Rocas is a geologic site because as a reef it is a carbonate deposit that results from the building activity response of benthic organisms to environmental parameters such as light availability, hydrodynamics and relative sea level fluctuation.
   
Rocas is a paleontological site because it was built dominantly by coralline algae, and only secondarily by corals. This is an important fact because it is generally accepted that coralline algae do not have potential to erect or to be a primary builder of reefs in the Quaternary (Macintyre 1997) .
   
At last, but not least, Atol das Rocas is an ecological sanctuary because it is home to a great number of migratory and resident sea birds, which rest, nest and feed there.
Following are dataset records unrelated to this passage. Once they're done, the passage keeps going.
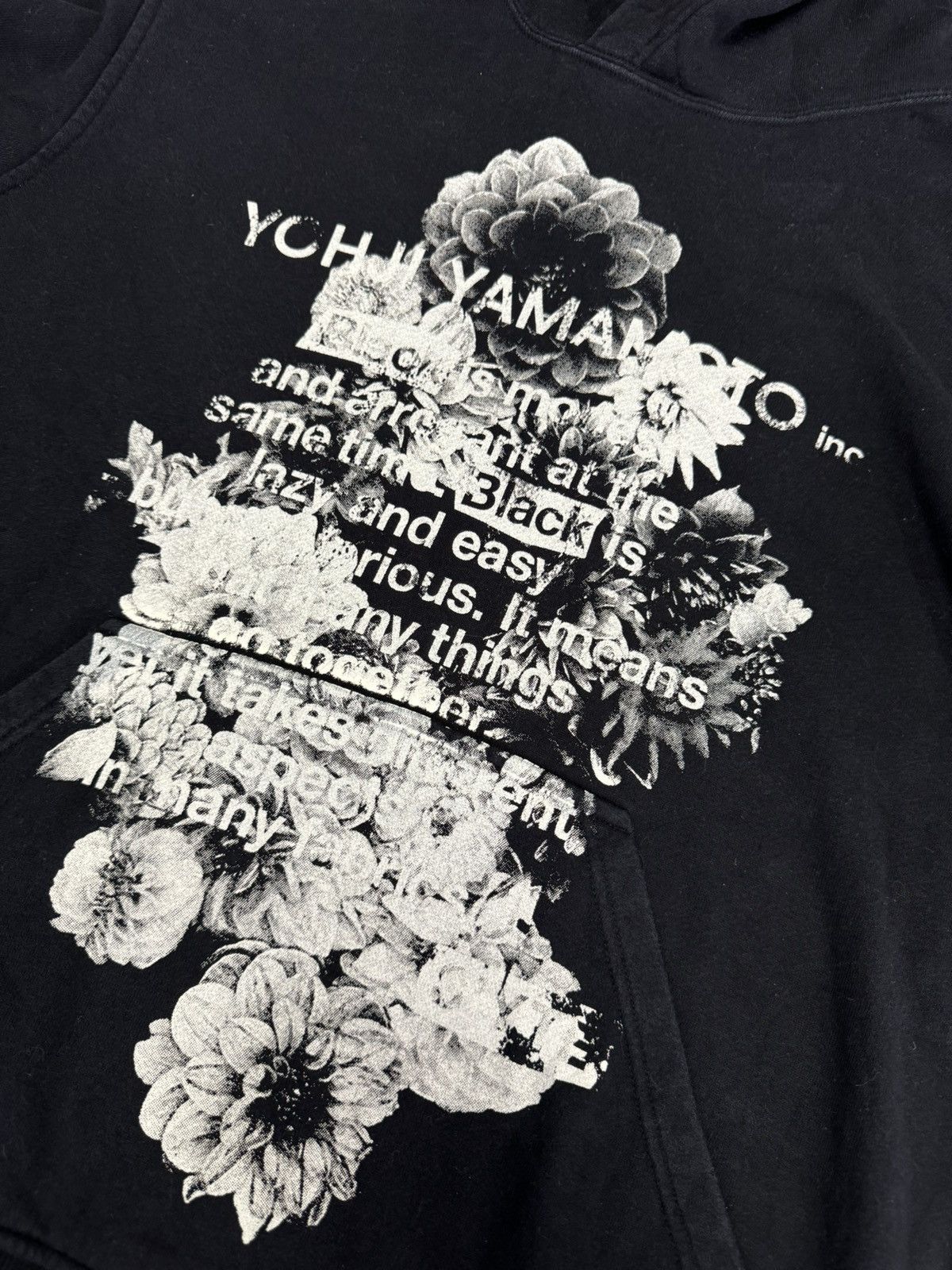 Yohji Yamamoto S'YTE YOHJI YAMAMOTO PLANNING DEPT HOODIE Size US L / EU 52-54 / 3 - 3 Thumbnail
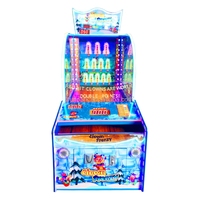 Ifun Amusement Park Game Machine Clown Frenzy Frapper Clown Token Jeux de rachat à pièces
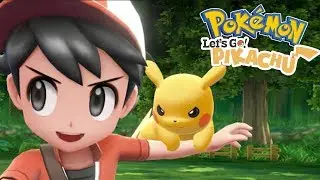 [LIVE] POKEMON LET'S GO PIKACHU / GAMEPLAY FR / SWITCH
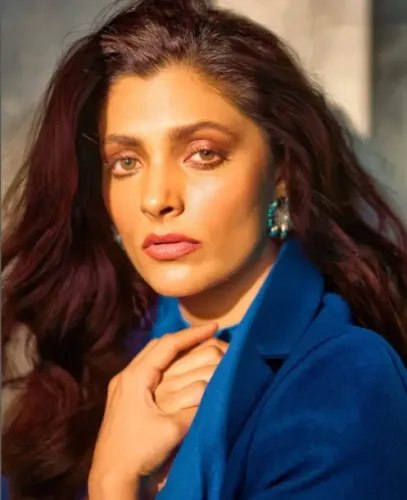 Is Saiyami Kher Running Half Marathons During Her Travels?
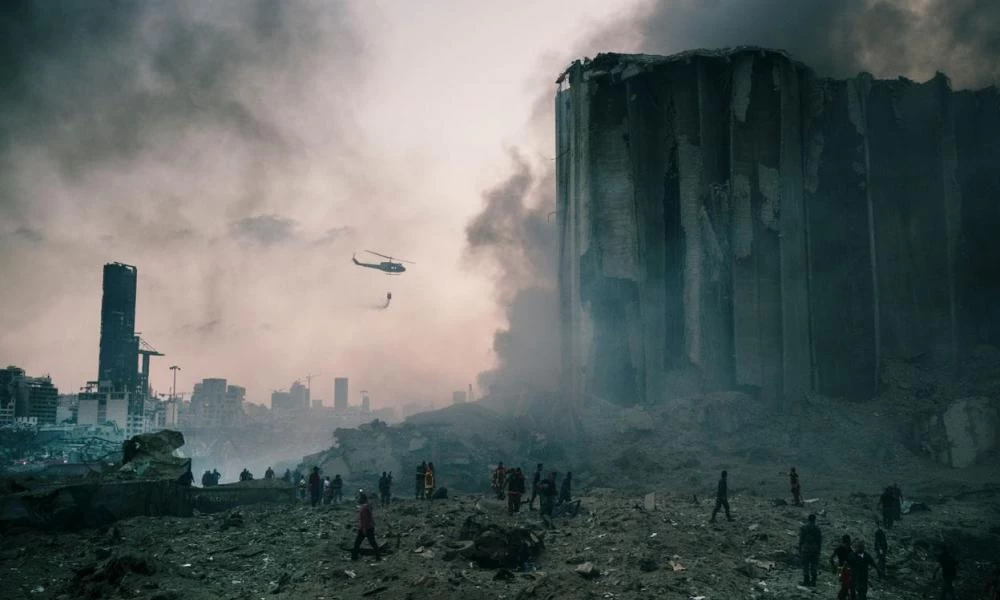 Έκρηξη στη Βηρυτό: Το 70% της έκρηξης εκτονώθηκε στη θάλασσα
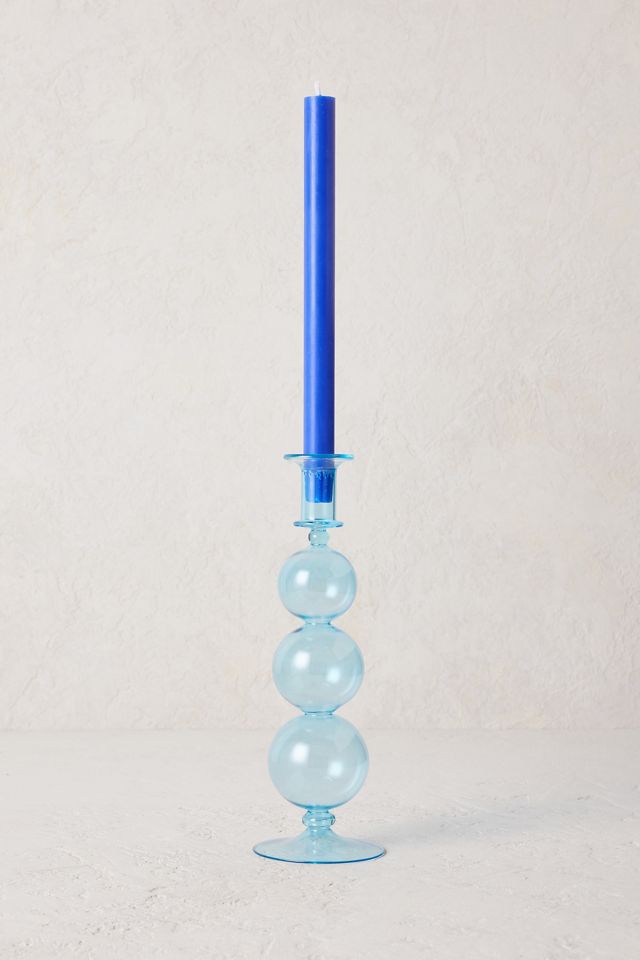 Anna + Nina Bubble Taper Candle Holder Anthropologie UK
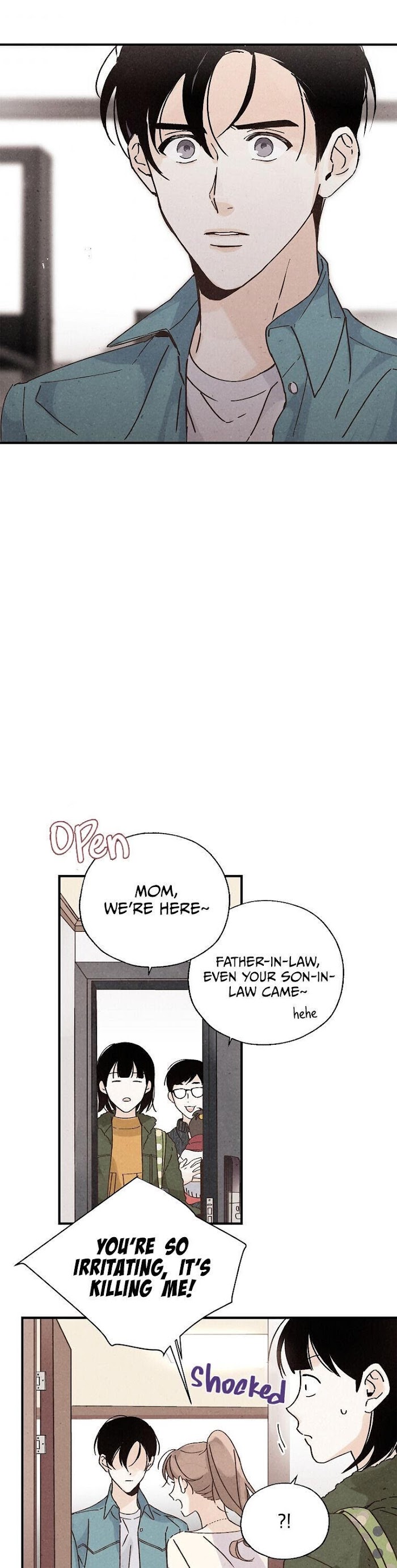Read The Insatiable Man Manga Online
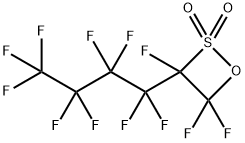 1-(Nonafluorobutyl)trifluoroethanesultone
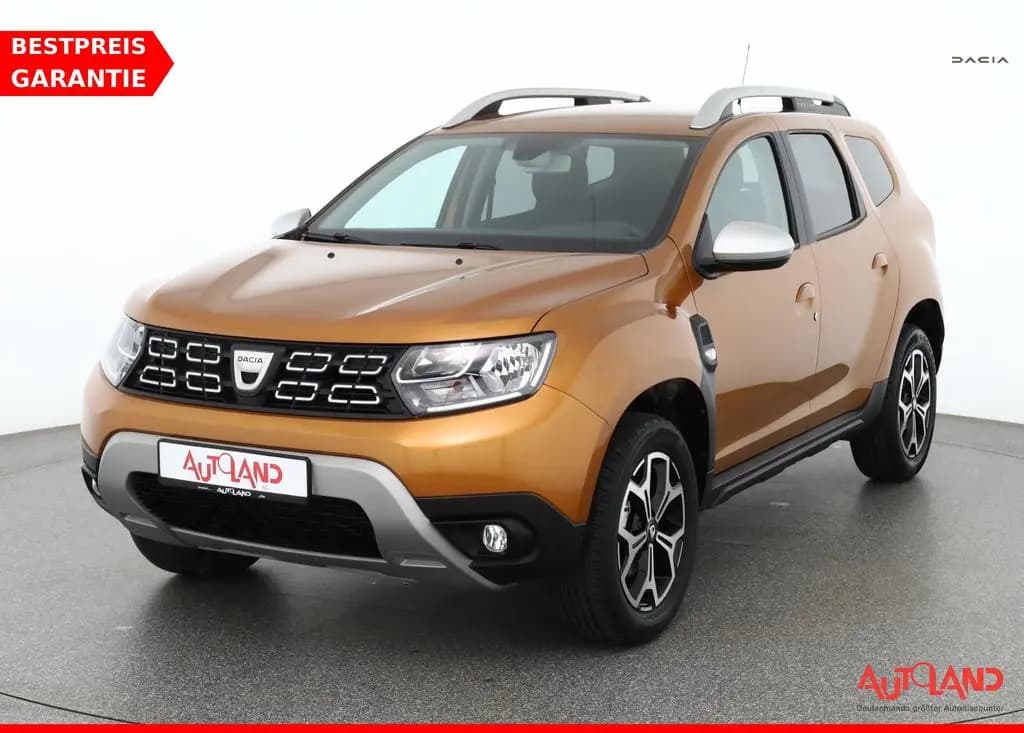 Main__Slider__Photo:Dacia Duster II 1.2 Prestige Kamera Navi Sitzheizung 08/2018-0
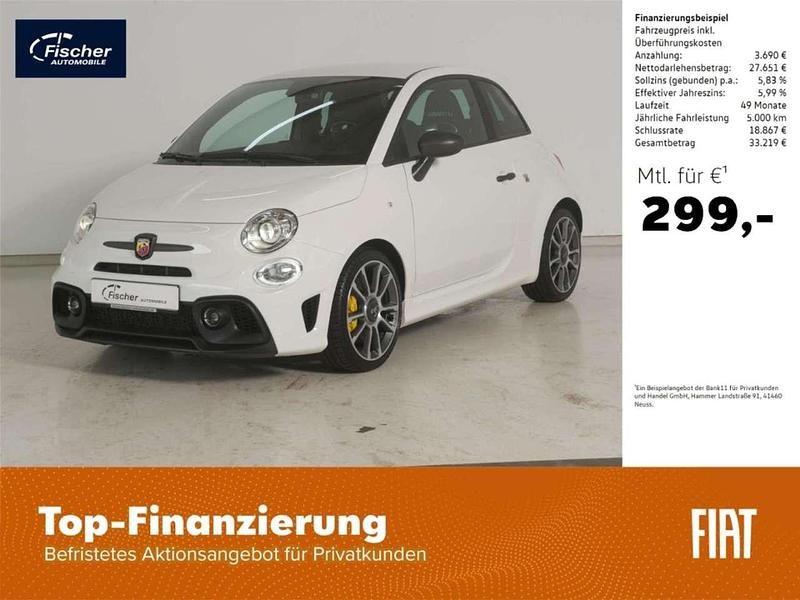 Weiss Neu 2024 Abarth 695 Turismo Kleinwagen | 29.980 € - Bild 1/4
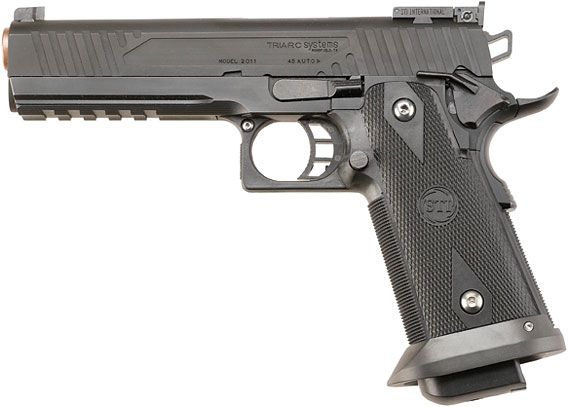 KSC「STI インレットシェイプ5.1 スライドHWガスブローバックガン ...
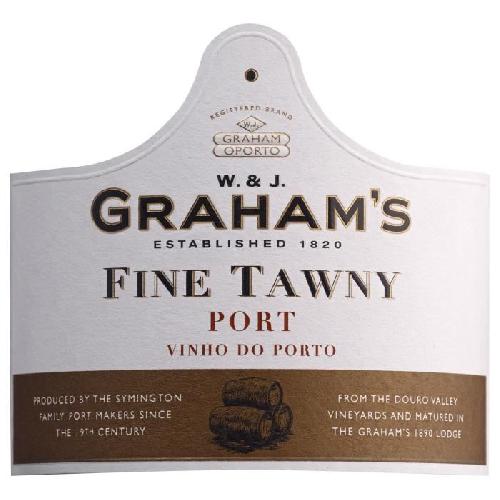 Aperitif A Base De Vin Graham's - Fine Tawny - Porto - 19.0% Vol. - 75 cl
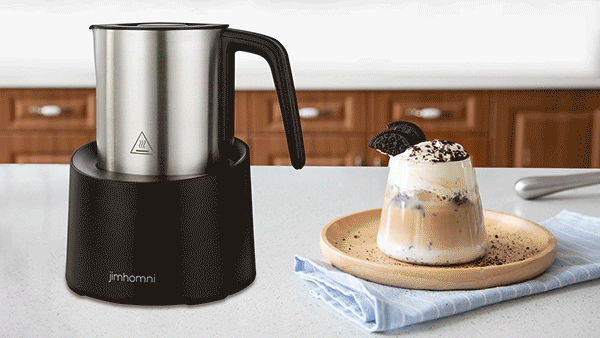奥利奥奶盖咖啡 | jimhomni奶泡机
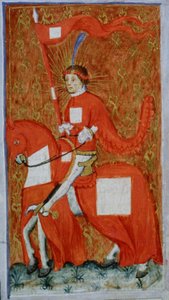 レジェンダアウレアからの世代1111ページ、ブルージュ、c.1400-10 作： Flemish School
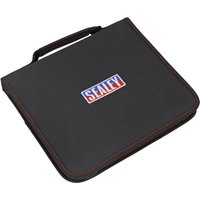 Zip Up Fabric Tool Case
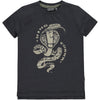 Jongens T-shirt Km O-hals van Tumble 'n Dry in de kleur Grey asphalt in maat 128.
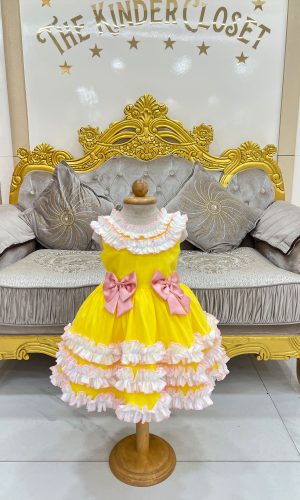 Sunshine Yellow Dress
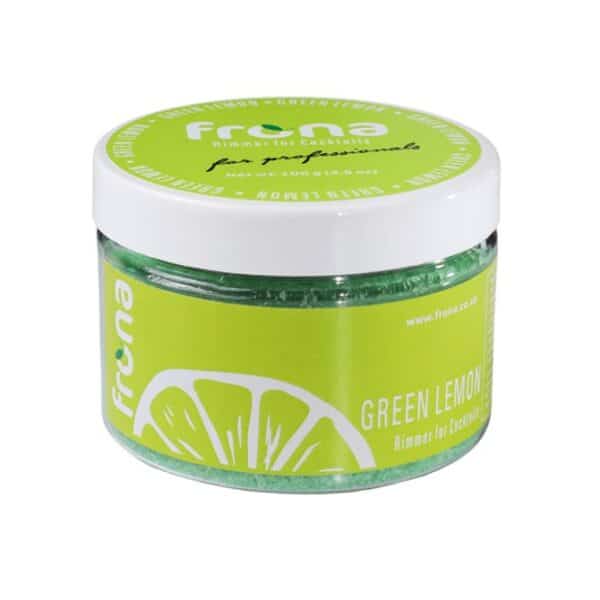 FRONA GREEN LEMON Rimming Powder 100GR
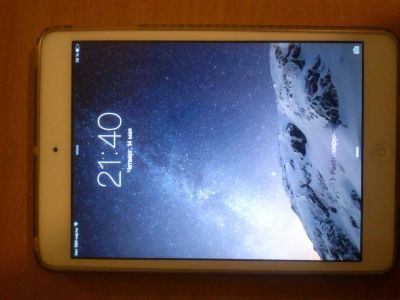 Лот: 5538489. Фото: 1. Обменяю IPad Mini 32gig +Cellular. Планшеты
Among the most abundant birds in the atoll, there are the brown tern, the brown and masked boobies and the frigate birds. Furthermore, like Fernando de Noronha, it is a place of intense nesting activity of green turtles and feeding activity for the hawksbill turtle. Around Atol das Rocas on the top of the seamount platform there is a great quantity of commercial fishes. Mollusks and crustaceans occur in great abundance, as well. Lobsters, as an example, was one of the causes for the intense predatory fishing activity in the atoll waters in the past.
   
The purpose of this paper is to present an overview description of Atol das Rocas, based mainly on Kikuchi (1994) and Kikuchi & Leão (1997) . Data on its composition and structure will be presented, showing that the encrusting coralline algae were its primary reef builders. The reasons why coralline algae predominate in such a conspicuous manner is discussed. I also present evidences of a former sea level position in the Holocene equal to or higher than the present sea level. This reinforces the general pattern of the Brazilian coastal sea level curve that exhibits a transgressive period until about 5.1 ky BP and a sea regression since that period. A brief comment on the conservation status of the atoll close this chapter.

ENVIRONMENTAL SETTING

    The atoll is built on the western side of the flat top of a seamount within the Fernando de Noronha Fracture Zone (Figure 1). It is located about 260 km east of the city of Natal, in Northeastern Brazil, and 145 km west of the Fernando de Noronha Archipelago (between 3°45’S and 3°56’S and 33°37’W and 33°56’W). The lighthouse is located at 3 51’30”S and 33 49’29”W.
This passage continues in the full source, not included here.